Il riutilizzo della spazzatura sulle coste
Abbiamo più volte discusso di come il ritorno economico di alcuni impianti industriali sia legato al fatto che ci debba essere un certo flusso continuo di materia prima capace di garantire una determinata e soddisfacente produzione annua. Vi immaginate se una fabbrica programmasse la propria produzione industriale senza ricorrere ad alcun tipo di importazione di materia prima, ma utilizzando solo ed esclusivamente i rifiuti trasportati dalle correnti sui litorali?
A tal proposito e con le dovute proporzioni del caso, ho letto con un certo interesse una notizia relativa ad un impresa del Kenia che opera in questo modo. La società africana è capace appunto di produrre una vasta serie di utensili eterogenei partendo solamente dal recupero delle ciabatte che in grandi quantità ogni anno vanno a finire sulle spiagge del Kenia settentrionale.

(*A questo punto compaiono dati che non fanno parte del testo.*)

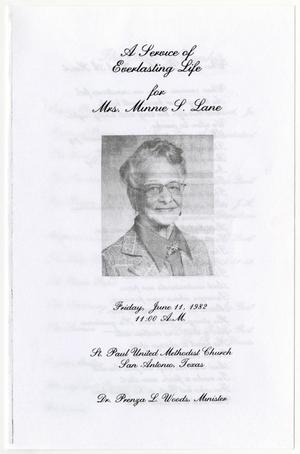 Primary view of object titled '[Funeral Program for Minnie S. Lane, June 11, 1982]'.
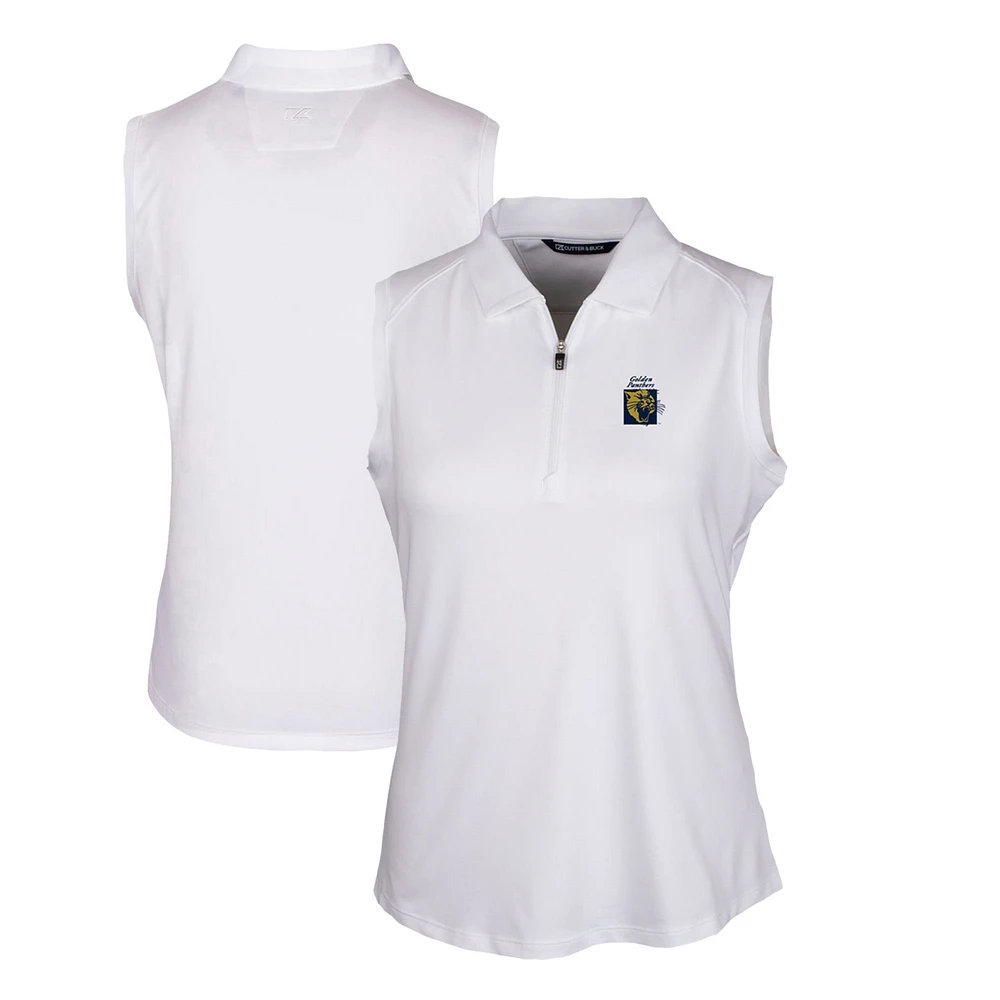 Women's Cutter & Buck White FIU Panthers Forge Stretch Sleeveless Polo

Questi rifiuti erano diventati negli ultimi anni un vero e proprio incubo per i residenti. Sulle coste infatti venivano trascinate decine di migliaia di queste scarpe provenienti dall’Asia ed in particolare da Cina, India, Malesia e il Madagascar attraverso la corrente della Somalia. Julie Johnstone è il fondatore della rivoluzionaria e singolare società, specializzata appunto nella raccolta di questo tipo di scarpe, che poi vengono trasformate in tanti tipi di utensili.
La società è abbastanza grande, considerando che al suo interno vi lavorano 150 dipendenti che, in quattro anni di esistenza dell’azienda, hanno raccolto una quantità enorme di materia prima. Secondo Jhonson gli oceani sono ormai diventati delle enormi discariche di rifiuti ed è lo stesso responsabile che parla di ciò che su Ecoblog avevamo già trattato in passato, ovvero dell’esistenza di un’enorme discarica galleggiante profonda che si trova tra il Giappone e le Hawaii, una massa di detriti galleggianti di plastica la cui superficie è equivalente a due volte quella degli Stati Uniti.
L’iniziativa è nata quando si è osservato come le donne dei luoghi si impegnavano nella raccolta di sandali che i bambini poi utilizzavano come giocattoli. Da qui l’obiettivo, riferisce Jhonstone, di pulire le coste, ma allo stesso tempo dare un lavoro creativo per la gente del posto come appunto una nuova possibilità per lo sviluppo. L’idea, conclude infine, è quella di lanciare un messaggio che in Africa estono soluzioni ai problemi globali come l’inquinamento degli oceani.
L’impresa è andata ben al di là della semplice produzione di giocattoli, tanto che oggi la società è capace di produrre sacchetti di plastica e gomme partendo da ciò che offre il mare. Bella favola destinata a concludersi come tale o esempio su cui riflettere e creare uno sviluppo economico, sociale ed ambientale?